ConnectX-5 RoCE UC receive latency anomaly

I have a RoCE latency test working where a Connect X5 is used to receive RoCEv2 (IPv4 based) Unreliable Connection/UC traffic consisting solely of RDMA Write only UC frames.
As long as the sequence number (PSN) is in order, the measured roundtrip lateny in our setup is low (<2 microseconds). So far so good.

As soon as the PSN is not in order (e.g. a frame is lost somewhere), the network card (once per sequence “jump”) has an added latency of almost 20 microseconds. It looks like whenever the sequence number is not as expected, there is a “software exception handler” taking over, adding massive latency.

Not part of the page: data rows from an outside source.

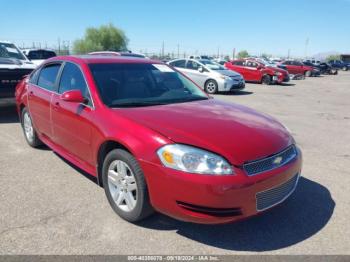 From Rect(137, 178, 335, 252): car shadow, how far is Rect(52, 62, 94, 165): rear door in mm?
1200

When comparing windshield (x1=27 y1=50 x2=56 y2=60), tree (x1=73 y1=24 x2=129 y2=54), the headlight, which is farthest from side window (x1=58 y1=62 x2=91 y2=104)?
tree (x1=73 y1=24 x2=129 y2=54)

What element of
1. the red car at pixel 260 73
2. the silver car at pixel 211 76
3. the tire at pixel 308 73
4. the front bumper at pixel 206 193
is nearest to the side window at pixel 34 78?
the front bumper at pixel 206 193

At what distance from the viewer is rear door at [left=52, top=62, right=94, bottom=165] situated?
3701 mm

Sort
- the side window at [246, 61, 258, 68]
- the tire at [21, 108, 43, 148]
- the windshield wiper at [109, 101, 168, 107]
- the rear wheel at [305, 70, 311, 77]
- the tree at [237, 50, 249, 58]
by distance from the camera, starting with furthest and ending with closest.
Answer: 1. the tree at [237, 50, 249, 58]
2. the rear wheel at [305, 70, 311, 77]
3. the side window at [246, 61, 258, 68]
4. the tire at [21, 108, 43, 148]
5. the windshield wiper at [109, 101, 168, 107]

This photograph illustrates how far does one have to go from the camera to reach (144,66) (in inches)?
175

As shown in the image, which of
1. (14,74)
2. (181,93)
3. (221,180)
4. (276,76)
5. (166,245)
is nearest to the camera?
(221,180)

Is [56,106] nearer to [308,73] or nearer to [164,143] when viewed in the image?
[164,143]

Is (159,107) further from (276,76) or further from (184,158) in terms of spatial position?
(276,76)

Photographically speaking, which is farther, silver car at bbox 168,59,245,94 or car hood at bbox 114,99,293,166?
silver car at bbox 168,59,245,94

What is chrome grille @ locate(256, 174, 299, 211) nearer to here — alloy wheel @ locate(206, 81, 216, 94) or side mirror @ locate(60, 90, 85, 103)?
side mirror @ locate(60, 90, 85, 103)

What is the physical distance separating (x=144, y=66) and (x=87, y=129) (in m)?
1.30

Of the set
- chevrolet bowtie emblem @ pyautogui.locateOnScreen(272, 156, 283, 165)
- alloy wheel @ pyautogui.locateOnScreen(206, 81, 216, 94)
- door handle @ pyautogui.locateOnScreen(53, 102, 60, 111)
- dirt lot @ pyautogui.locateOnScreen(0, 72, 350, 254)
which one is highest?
door handle @ pyautogui.locateOnScreen(53, 102, 60, 111)

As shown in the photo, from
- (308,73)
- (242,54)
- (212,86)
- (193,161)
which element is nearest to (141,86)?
(193,161)

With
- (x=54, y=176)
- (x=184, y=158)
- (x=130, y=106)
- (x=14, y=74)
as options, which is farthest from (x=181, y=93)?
(x=14, y=74) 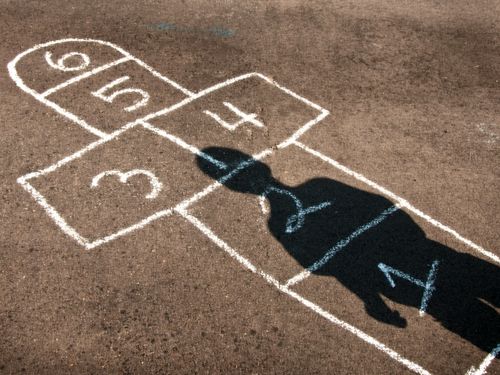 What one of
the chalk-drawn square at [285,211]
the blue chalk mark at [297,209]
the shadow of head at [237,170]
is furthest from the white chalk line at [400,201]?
the shadow of head at [237,170]

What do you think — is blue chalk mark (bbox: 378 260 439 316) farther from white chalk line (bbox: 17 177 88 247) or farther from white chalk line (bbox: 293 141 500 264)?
white chalk line (bbox: 17 177 88 247)

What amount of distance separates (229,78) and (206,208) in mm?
2970

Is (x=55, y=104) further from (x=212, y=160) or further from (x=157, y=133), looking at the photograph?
(x=212, y=160)

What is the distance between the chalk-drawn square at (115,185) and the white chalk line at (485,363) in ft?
12.7

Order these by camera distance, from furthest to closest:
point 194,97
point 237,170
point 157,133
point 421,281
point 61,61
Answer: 1. point 61,61
2. point 194,97
3. point 157,133
4. point 237,170
5. point 421,281

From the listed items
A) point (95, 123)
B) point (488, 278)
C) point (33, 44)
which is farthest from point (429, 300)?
point (33, 44)

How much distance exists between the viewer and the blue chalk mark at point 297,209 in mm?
6926

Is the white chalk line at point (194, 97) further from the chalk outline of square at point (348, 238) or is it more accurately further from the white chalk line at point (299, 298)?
the white chalk line at point (299, 298)

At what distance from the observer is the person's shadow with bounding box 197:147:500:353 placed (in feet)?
20.5

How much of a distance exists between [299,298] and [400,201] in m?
2.15

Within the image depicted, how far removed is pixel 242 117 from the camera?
837 centimetres

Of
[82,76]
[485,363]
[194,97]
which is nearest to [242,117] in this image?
[194,97]

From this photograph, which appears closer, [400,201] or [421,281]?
[421,281]

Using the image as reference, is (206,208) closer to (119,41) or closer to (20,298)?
(20,298) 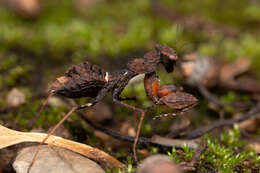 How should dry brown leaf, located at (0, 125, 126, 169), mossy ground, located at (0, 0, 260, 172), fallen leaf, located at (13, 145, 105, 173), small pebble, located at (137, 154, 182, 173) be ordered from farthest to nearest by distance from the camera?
mossy ground, located at (0, 0, 260, 172), dry brown leaf, located at (0, 125, 126, 169), fallen leaf, located at (13, 145, 105, 173), small pebble, located at (137, 154, 182, 173)

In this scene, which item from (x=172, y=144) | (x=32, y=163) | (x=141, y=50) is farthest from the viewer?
(x=141, y=50)

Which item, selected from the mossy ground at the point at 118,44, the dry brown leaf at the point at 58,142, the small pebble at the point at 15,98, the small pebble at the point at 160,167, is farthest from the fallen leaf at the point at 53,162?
the small pebble at the point at 15,98

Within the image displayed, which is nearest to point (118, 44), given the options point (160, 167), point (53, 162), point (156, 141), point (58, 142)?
point (156, 141)

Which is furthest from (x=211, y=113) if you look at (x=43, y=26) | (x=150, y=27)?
(x=43, y=26)

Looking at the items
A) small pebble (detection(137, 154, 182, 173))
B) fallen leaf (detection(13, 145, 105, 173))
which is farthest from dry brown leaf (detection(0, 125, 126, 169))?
small pebble (detection(137, 154, 182, 173))

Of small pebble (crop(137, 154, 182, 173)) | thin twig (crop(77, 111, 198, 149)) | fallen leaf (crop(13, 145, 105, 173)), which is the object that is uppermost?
small pebble (crop(137, 154, 182, 173))

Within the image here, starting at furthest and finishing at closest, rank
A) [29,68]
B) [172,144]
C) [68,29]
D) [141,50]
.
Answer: [68,29], [141,50], [29,68], [172,144]

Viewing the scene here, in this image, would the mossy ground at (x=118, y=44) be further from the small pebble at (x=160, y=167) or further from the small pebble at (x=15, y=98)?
the small pebble at (x=160, y=167)

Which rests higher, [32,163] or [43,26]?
A: [43,26]

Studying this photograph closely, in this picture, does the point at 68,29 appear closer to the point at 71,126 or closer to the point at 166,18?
the point at 166,18

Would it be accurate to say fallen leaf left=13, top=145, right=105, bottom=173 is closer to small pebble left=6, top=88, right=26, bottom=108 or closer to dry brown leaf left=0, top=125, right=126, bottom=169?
dry brown leaf left=0, top=125, right=126, bottom=169
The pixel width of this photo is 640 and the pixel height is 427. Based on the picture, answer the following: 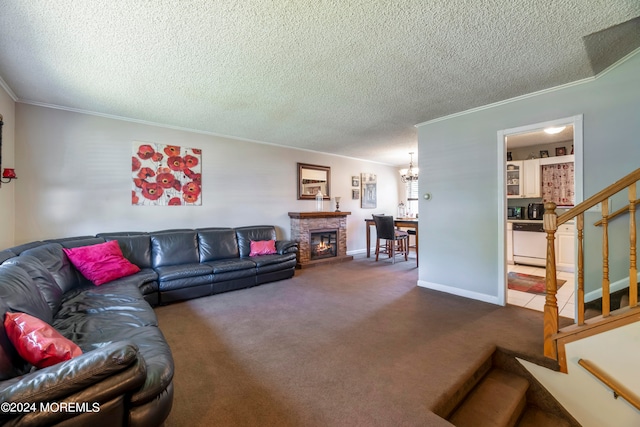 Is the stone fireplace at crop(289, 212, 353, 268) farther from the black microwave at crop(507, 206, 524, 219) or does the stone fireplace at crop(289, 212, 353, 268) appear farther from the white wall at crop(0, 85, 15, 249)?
the white wall at crop(0, 85, 15, 249)

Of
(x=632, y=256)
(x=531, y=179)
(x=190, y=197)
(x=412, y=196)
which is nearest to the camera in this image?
(x=632, y=256)

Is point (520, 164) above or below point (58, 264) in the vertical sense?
above

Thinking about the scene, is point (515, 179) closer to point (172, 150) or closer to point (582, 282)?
point (582, 282)

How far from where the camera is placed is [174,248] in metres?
3.84

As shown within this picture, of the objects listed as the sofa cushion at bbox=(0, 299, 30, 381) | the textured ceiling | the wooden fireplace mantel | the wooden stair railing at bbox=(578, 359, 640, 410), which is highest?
the textured ceiling

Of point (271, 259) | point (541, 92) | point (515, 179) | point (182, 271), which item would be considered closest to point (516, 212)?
point (515, 179)

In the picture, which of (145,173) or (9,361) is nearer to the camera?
Result: (9,361)

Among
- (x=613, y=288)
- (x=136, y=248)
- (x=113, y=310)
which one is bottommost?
(x=113, y=310)

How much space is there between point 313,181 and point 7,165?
14.8 ft

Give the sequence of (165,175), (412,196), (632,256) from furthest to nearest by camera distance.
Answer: (412,196) → (165,175) → (632,256)

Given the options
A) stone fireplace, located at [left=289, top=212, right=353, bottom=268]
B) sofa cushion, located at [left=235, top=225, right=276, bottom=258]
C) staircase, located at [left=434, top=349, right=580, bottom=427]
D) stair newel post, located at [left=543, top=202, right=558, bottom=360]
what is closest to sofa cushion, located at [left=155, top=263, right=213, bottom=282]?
sofa cushion, located at [left=235, top=225, right=276, bottom=258]

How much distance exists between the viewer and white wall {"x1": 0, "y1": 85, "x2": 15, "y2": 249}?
274 centimetres

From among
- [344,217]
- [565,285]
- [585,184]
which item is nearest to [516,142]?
[565,285]

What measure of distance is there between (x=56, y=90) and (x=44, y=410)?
11.0 ft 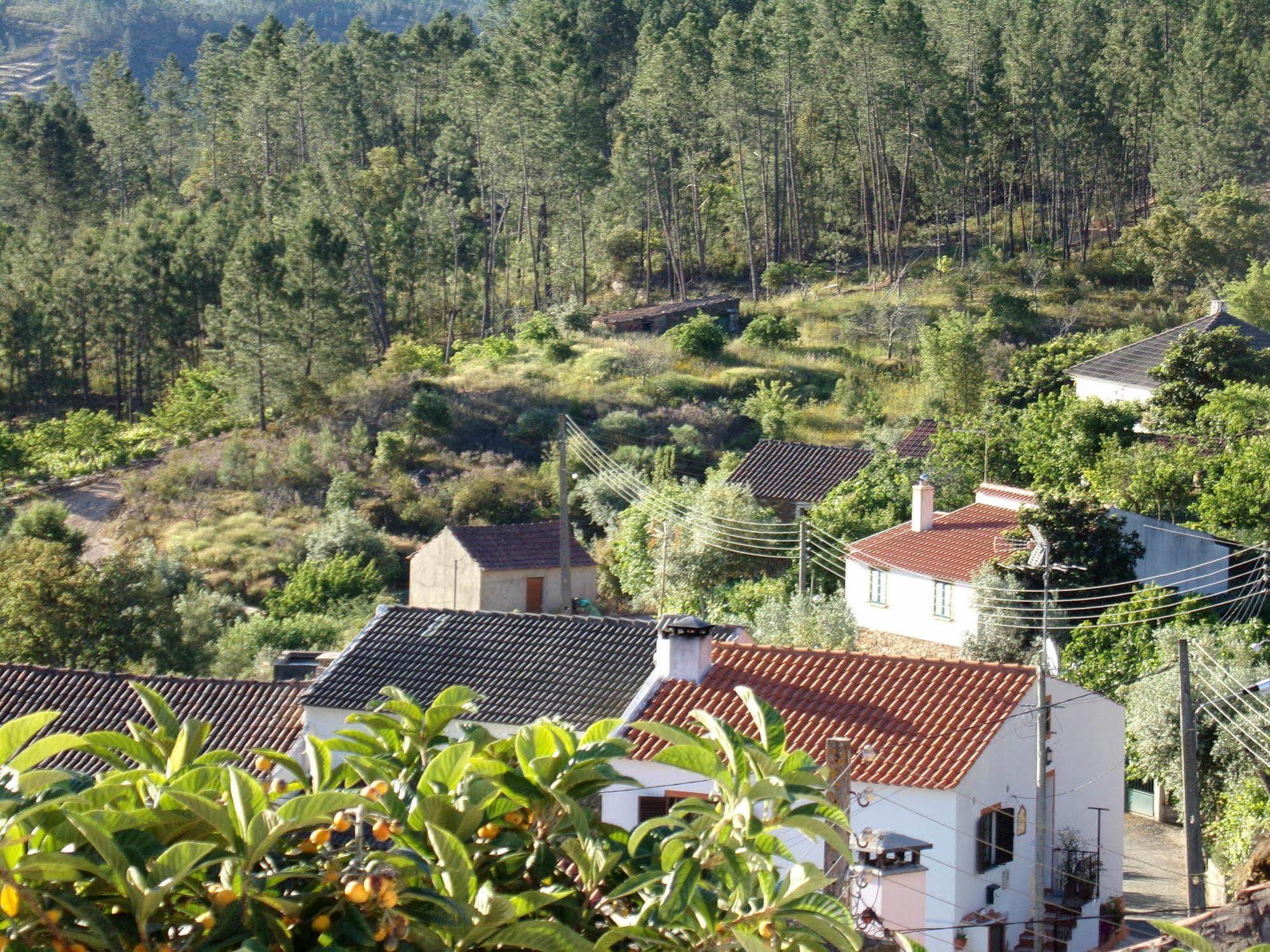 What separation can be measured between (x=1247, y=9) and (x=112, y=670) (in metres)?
57.2

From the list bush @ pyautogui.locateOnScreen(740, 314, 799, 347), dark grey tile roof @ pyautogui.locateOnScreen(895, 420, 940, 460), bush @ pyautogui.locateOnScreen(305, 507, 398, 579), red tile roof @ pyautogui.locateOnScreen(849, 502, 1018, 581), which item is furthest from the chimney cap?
A: bush @ pyautogui.locateOnScreen(740, 314, 799, 347)

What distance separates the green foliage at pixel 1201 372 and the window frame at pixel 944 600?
28.2 feet

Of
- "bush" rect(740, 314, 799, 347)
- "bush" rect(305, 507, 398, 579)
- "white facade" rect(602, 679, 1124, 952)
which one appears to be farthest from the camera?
"bush" rect(740, 314, 799, 347)

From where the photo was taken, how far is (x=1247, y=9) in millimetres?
67625

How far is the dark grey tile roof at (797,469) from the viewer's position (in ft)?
126

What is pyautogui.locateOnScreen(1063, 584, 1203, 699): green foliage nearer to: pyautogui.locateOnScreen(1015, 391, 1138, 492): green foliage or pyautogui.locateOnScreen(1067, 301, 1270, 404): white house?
pyautogui.locateOnScreen(1015, 391, 1138, 492): green foliage

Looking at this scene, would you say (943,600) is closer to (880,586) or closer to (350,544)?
(880,586)

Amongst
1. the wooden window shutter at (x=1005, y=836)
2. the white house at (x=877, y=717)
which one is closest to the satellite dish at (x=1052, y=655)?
the white house at (x=877, y=717)

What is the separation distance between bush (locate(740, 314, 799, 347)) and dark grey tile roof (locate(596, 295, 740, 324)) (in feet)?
10.6

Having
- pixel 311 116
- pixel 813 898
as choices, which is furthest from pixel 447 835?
pixel 311 116

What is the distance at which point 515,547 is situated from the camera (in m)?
35.1

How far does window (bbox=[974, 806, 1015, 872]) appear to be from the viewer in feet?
53.2

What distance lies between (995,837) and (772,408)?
1189 inches

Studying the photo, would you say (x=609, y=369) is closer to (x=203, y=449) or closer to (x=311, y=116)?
(x=203, y=449) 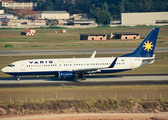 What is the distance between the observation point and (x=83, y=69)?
162ft

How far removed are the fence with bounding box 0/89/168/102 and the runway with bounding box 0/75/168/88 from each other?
582 cm

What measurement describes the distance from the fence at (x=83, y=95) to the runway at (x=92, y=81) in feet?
19.1

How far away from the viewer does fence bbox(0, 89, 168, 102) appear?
3816cm

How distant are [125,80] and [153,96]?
39.0 ft

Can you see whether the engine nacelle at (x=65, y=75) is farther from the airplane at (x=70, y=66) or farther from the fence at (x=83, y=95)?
the fence at (x=83, y=95)

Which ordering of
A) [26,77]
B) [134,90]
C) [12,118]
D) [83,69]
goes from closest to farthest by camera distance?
[12,118], [134,90], [83,69], [26,77]

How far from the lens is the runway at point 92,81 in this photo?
47.7 m

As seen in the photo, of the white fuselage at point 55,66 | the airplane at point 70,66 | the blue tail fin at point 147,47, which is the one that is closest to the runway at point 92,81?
the airplane at point 70,66

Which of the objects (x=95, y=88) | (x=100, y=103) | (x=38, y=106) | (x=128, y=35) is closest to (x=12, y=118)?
(x=38, y=106)

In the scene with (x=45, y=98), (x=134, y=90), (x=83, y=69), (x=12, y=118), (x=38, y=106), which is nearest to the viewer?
(x=12, y=118)

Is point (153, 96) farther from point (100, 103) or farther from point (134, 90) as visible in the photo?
point (100, 103)

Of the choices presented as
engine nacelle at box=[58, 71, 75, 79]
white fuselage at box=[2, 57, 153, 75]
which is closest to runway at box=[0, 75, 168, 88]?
engine nacelle at box=[58, 71, 75, 79]

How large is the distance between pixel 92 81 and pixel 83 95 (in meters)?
10.8

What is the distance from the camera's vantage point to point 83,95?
39.4 metres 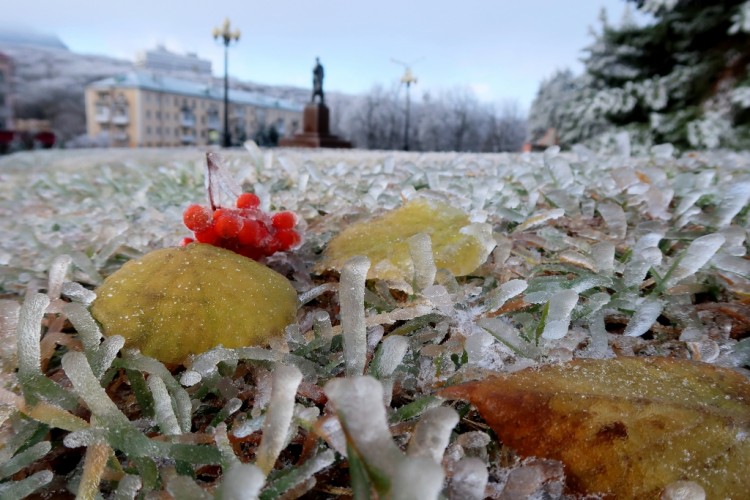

The IB/RoCE spec says that in UC mode any PSN must be accepted, which in a way is done, just not fast. Can this behaviour somehow be changed/influenced? E.g. a setting?

Thank you!
Thomas

Hi,

ConnectX‑5 UC RoCEv2 will accept any PSN, but when it sees a “jump” (missing/out‑of‑order PSN) it goes through a slowpath in the NIC once per gap, adding about 20 µs latency, and this behavior is a hardware limitation that doesn’t have a tunable setting. The only practical options are to avoid PSN gaps (keep traffic in order) or change transport (e.g., RC or something without connected‑QP PSNs).

If there are production contratints that make this behavior unacceptable or problematic, please feel free to open a case with NVIDIA Enterprise Support.

Thanks,

Jonathan.